* **WORK REQUEST**
No pictures in the copy. Write out the listing below exactly.

* **INFORMATION SHOWN**
◇ ◇ ◇ ◇ ◇ ◇ ◇

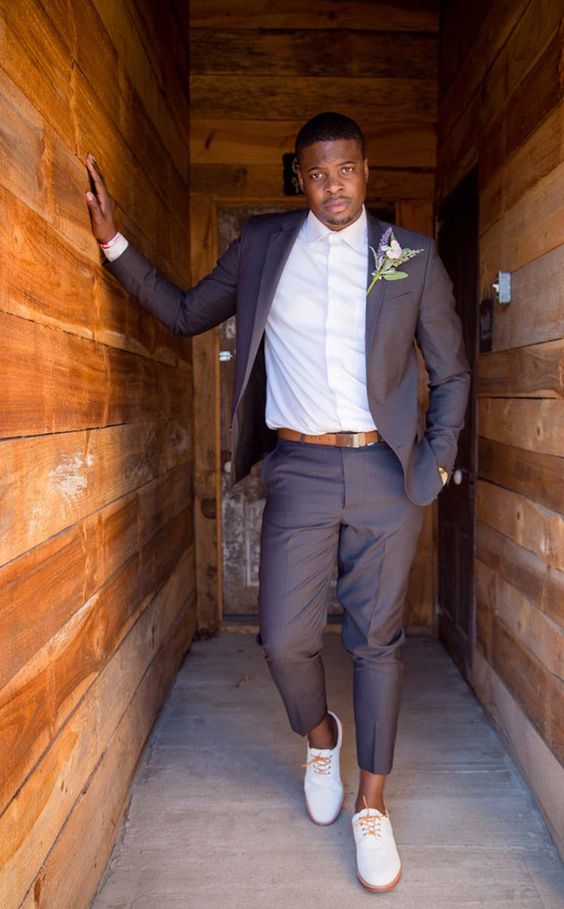 a modern barn groom's look with a chocolate brown suit, a white button down, creamy shoes and amber touches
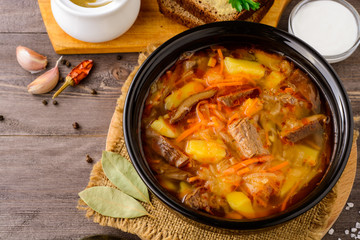 Shchi - traditional russian cabbage soup on wooden table.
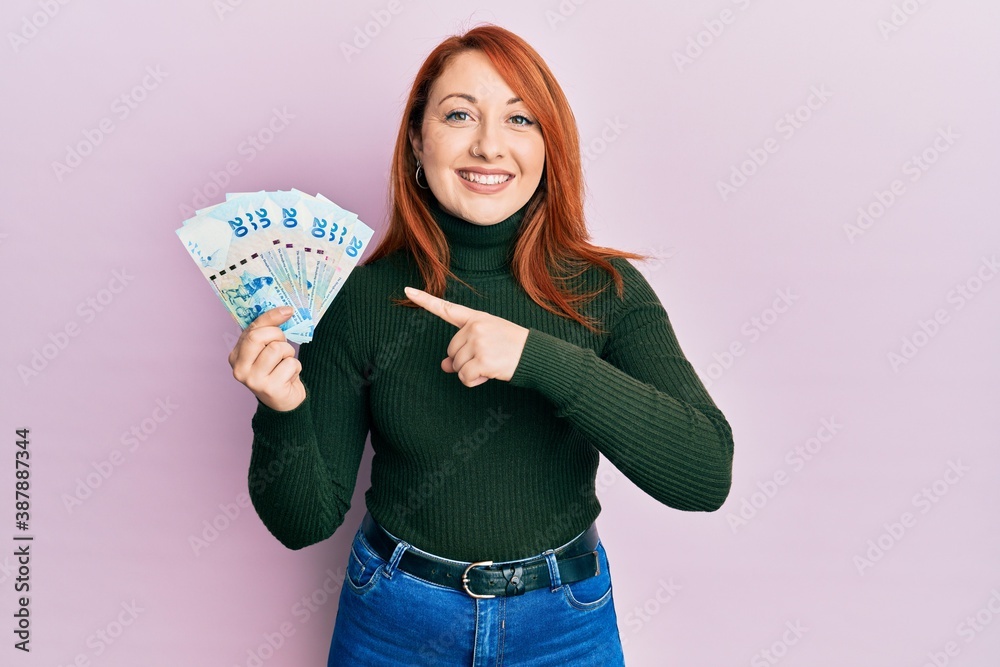 Beautiful redhead woman holding 20 hong kong dollars banknotes smiling happy pointing with hand and finger Beautiful redhead woman holding 20 hong kong dollars banknotes smiling happy pointing with hand and finger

◇ ◇ ◇ ◇ ◇ ◇ ◇

* **SOLUTION FOR THIS TASK**
 a modern barn groom's look with a chocolate brown suit, a white button down, creamy shoes and amber touches
 Shchi - traditional russian cabbage soup on wooden table.
 Beautiful redhead woman holding 20 hong kong dollars banknotes smiling happy pointing with hand and finger Beautiful redhead woman holding 20 hong kong dollars banknotes smiling happy pointing with hand and finger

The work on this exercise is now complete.